Now I think I've confused myself. Somebody needs to to an environment capture on Googlebot to see if it's sending a "Host" header with requests. I also recommend anybody having problems like przero2 double-check the configuration of both the old and new servers. There might be something wrong at the web server end.
www.hostdomain.com 216.239.46.26 - - [02/Jul/2002:14:23:56 -0400] "GET /discount-hotels/doubletree.htm HTTP/1.0" 302 249 "-" "Googlebot/2.1 (+http://www.googlebot.com/bot.html)"
www.hostdomain.com 216.239.46.26 - - [02/Jul/2002:14:23:56 -0400] "GET /discount-hotels/doubletree.htm HTTP/1.0" 200 645 "-" "Googlebot/2.1 (+http://www.googlebot.com/bot.html)"

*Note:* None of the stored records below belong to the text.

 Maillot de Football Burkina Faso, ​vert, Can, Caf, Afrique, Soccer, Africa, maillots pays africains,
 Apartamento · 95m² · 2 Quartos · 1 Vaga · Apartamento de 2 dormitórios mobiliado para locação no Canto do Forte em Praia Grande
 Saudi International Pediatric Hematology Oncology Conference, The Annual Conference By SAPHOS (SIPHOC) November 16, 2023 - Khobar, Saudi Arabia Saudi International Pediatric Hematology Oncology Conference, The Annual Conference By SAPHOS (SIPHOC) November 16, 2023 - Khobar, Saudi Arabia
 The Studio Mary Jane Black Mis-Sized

www.hostdomain.com 216.239.46.113 - - [02/Jul/2002:14:24:16 -0400] "GET /discount-hotels/mississauga.htm HTTP/1.0" 302 238 "-" "Googlebot/2.1 (+http://www.googlebot.com/bot.html)"
www.hostdomain.com 216.239.46.113 - - [02/Jul/2002:14:24:17 -0400] "GET /discount-hotels/mississauga.htm HTTP/1.0" 200 645 "-" "Googlebot/2.1 (+http://www.googlebot.com/bot.html)"

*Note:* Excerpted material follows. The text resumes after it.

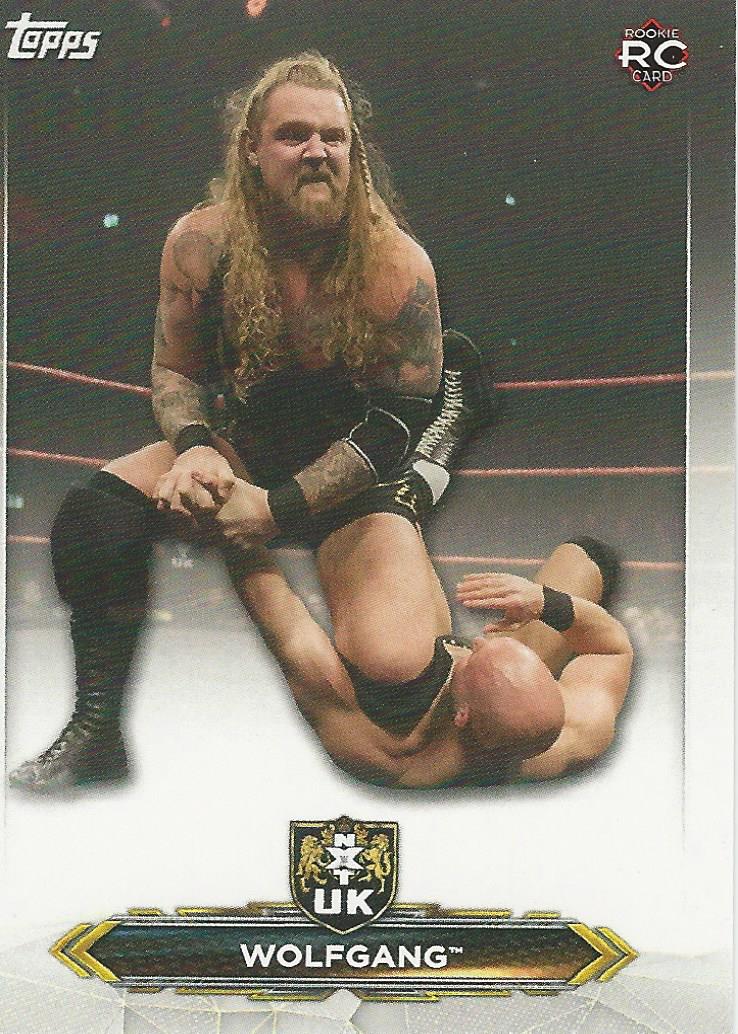 WWE Topps NXT 2020 Trading Cards Wolfgang No.64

www.hostdomain.com 216.239.46.222 - - [02/Jul/2002:14:25:41 -0400] "GET /discount-hotels/oxnard.htm HTTP/1.0" 302 233 "-" "Googlebot/2.1 (+http://www.googlebot.com/bot.html)"

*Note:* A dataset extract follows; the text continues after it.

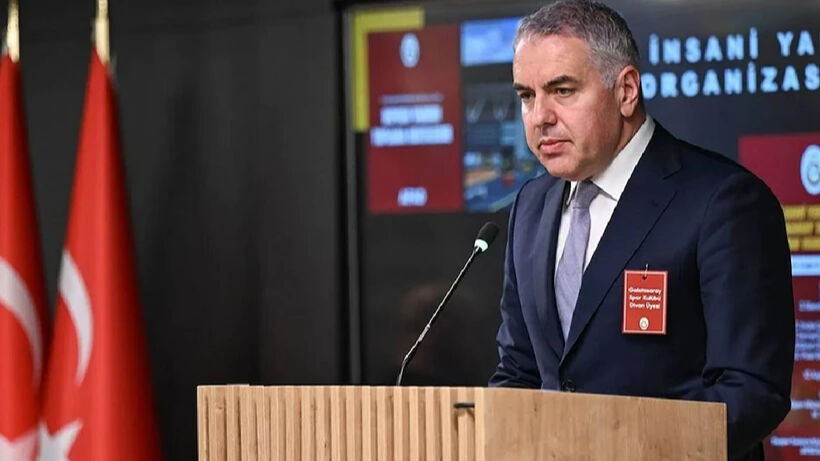 Galatasaray'dan yabancı hakem tepkisi:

www.hostdomain.com 216.239.46.222 - - [02/Jul/2002:14:25:41 -0400] "GET /discount-hotels/oxnard.htm HTTP/1.0" 200 645 "-" "Googlebot/2.1 (+http://www.googlebot.com/bot.html)"
.........
obviously googlebot cannot find those files under the server IP address?. as to how the server is configured, I am not sure as I use a local web hosting provider!
www.hostdomain.com 216.239.46.26 - - [02/Jul/2002:14:23:56 -0400] "GET /discount-hotels/doubletree.htm HTTP/1.0" 302 249 "-" "Googlebot/2.1 (+http://www.googlebot.com/bot.html)"
www.hostdomain.com 216.239.46.26 - - [02/Jul/2002:14:23:56 -0400] "GET /discount-hotels/doubletree.htm HTTP/1.0" 200 645 "-" "Googlebot/2.1 (+http://www.googlebot.com/bot.html)"
That doesn't make any sense. Your log sample shows a page redirecting to itself. That's not just weird, that's the HTTP equivilent of a science-fiction "I'm my own grandpa" time paradox. Did you mess up the search-and-replace? Is that log meant to be alternating between sitedomain and hostdomain ?
If so, the status "302" is a problem. 302 is "Found", a.k.a. "temporary redirect". User agents are allowed to cache revisit 302'ed URLs, so Googlebot isn't completely wrong in requesting the old URL. If you want to permanently redirect a page, you should use status "301" so that Googlebot knows to old address is defunct. (Although, again, status 400 is what the specs require if there's a "Host" header mismatch. Even I think this is getting too complicated.)
Here's a key reference for HTTP status codes: [w3.org...]
By the way, what server software are you running these domains on? Might be relevant.
None were from Googlebot or any other search engine that sends real traffic.
On the other hand, I have come across more than a few sites that have had problems because the server does accept additional host headers. This can lead to duplicate content problems including lost PageRank and rarely, hijacks.